At this stage of the narrative, which I heard many times (by request)
from the lips of Captain Nicholas B.'s sister-in-law, my grandmother, I
used to tremble with excitement.

The dog barked. And if he had done no more than bark, three officers of
the Great Napoleon's army would have perished honourably on the points
of Cossacks' lances, or perchance escaping the chase would have died
decently of starvation. But before they had time to think of running
away that fatal and revolting dog, being carried away by the excess of
the zeal, dashed out through a gap in the fence. He dashed out and
died.
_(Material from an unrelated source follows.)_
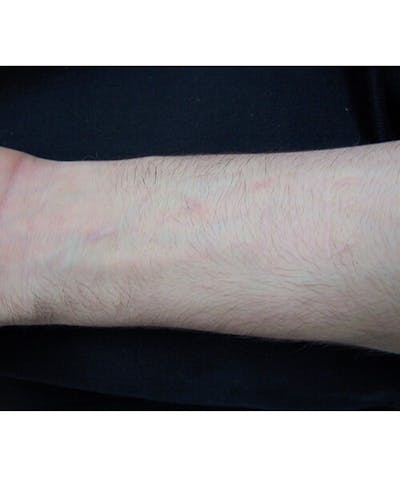 Laser Scar Treatments Before & After Gallery - Patient 37499663 - Image 2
His head, I understand, was severed at one blow from his body.
I understand also that later on, within the gloomy solitudes of the
snow-laden woods, when, in a sheltering hollow, a fire had been lit by
the party, the condition of the quarry was discovered to be distinctly
unsatisfactory. It was not thin--on the contrary, it seemed unhealthily
obese; its skin showed bare patches of an unpleasant character. However,
they had not killed that dog for the sake of the pelt. He was large.
. . . He was eaten. . . . The rest is silence. . . .

A silence in which a small boy shudders and says firmly:

"I could not have eaten that dog."

And his grandmother remarks with a smile:

"Perhaps you don't know what it is to be hungry."